1.1 Task Creation and Termination (Async, Finish)

S1;
finish {
  async S2; // asynchronously compute sum of the lower half of the array
  S3; // in parallel with S2
}
S4;

1.2 Creating Tasks in Java’s Fork/Join Framework

S1;
Fork S2;
S3;
Join S2;
S4;

1.3 Amdahl’s Law

speedup = 1 / ( 1-p + p/s )

Functional Parallelism

2.1 Futures: Tasks with Return Values

1
2

A = future { ⟨ task-with-return-value ⟩ }  // assigned a reference to a future object returned by a task of the form
A.get()                                    // the operation waits until the task has completed, and then propagates the task’s return value as the value returned by A.get()

2.2 Futures in Java’s Fork/Join Framework

A Future task extends the RecursiveTask class in the Fork/Join framework, instead of RecursiveAction as in regular tasks.
The compute() method of a future task must have a non-void return type, whereas it has a void return type for regular tasks.
A method call like left.join() waits for the task referred to by object left in both cases, but also provides the task’s return value in the case of future tasks.

2.3 Memoization

In dynamic programming, the memoization pattern stores { (variables), (future task) } as a lookup table. If the future task exists, look it up and get the return value by get().

2.4 Java Streams

students.stream()
  .filter(s -> s.getStatus() == Student.ACTIVE)
  .mapToDouble(a -> a.getAge())
  .average()
  .getAsDouble();

The pipeline can be made to execute in parallel by designating the source to be a parallel stream, i.e., by simply replacing students.stream() in the above code by students.parallelStream() or Stream.of(students).parallel().

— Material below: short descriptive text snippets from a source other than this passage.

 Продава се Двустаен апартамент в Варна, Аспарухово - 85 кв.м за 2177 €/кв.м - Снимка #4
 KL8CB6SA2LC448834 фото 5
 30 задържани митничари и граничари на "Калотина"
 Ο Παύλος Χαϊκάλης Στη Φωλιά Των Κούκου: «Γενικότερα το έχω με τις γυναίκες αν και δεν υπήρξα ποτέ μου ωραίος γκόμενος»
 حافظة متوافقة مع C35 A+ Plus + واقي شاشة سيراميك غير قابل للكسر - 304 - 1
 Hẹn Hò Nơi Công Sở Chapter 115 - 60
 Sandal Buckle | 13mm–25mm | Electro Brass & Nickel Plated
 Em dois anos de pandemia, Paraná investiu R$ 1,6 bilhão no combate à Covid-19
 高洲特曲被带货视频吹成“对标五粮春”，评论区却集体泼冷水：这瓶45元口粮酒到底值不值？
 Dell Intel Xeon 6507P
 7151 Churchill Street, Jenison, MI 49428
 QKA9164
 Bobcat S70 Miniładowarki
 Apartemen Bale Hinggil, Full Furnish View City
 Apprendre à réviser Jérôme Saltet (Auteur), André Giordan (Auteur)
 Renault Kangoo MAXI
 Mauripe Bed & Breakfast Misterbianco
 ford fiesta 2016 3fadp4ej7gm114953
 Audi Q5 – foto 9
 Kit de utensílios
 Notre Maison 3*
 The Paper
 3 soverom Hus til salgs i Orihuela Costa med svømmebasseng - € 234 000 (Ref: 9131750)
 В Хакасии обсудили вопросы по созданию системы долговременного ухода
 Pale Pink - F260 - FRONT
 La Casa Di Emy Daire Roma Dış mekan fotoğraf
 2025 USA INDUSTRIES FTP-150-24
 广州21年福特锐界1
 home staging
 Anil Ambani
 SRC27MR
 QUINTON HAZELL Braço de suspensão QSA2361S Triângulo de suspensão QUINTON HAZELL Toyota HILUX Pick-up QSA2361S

2.5 Data Races and Determinism

Determinism:
- functional : same input -> same output
- structural : same input -> same competition graph
Data Races
- Read-write
- Write-write

Loop Parallelism

3.1 Parallel Loops

finish{
  for(p=head;p!=null;p=p.next){
    async{ compute(p) }
  }
}

e.g

1
2
3

for(int i=0;i<n;i++){
  A[i] = B[i] + C[i]; 
}

1 2	IntStream.range(0, n).paralle().forEach(i -> A[i] = B[i] + C[i]); A = IntStream.range(0, n).paralle().toArray(i -> B[i] + C[i]);

3.2 Parallel Matrix Multiplication

for(i : [0:n-1]) {
  for(j : [0:n-1]) { c[i][j] = 0;
    for(k : [0:n-1]) {
      c[i][j] = c[i][j] + a[i][k]*b[k][j]
    }
  }
}

It is safe to convert for-i and for-j into forall loops, but for-k must remain a sequential loop to avoid data race.

3.3 Barriers in Parallel Loops

forall (i : [0:n-1]) {
  myId = lookup(i); // convert int to a string 
  print HELLO, myId;
  <barrier>
  print BYE, myId;
}

3.4 Iteration Grouping/Chunking in Parallel Loops

Use grouping to reduce task number.

Data flow Synchronization and Pipelining

4.1 Split-phase Barriers with Java Phasers

Phaser ph = new Phaser(n);
// Create forall loop with n iterations that operate on ph 
forall (i : [0:n-1]) {
  print HELLO, i;
  int phase = ph.arrive();
  
  myId = lookup(i); // convert int to a string

  ph.awaitAdvance(phase);
  print BYE, myId;
}

Doing so enables the barrier processing to occur in parallel with the call to lookup(i), which was our desired outcome.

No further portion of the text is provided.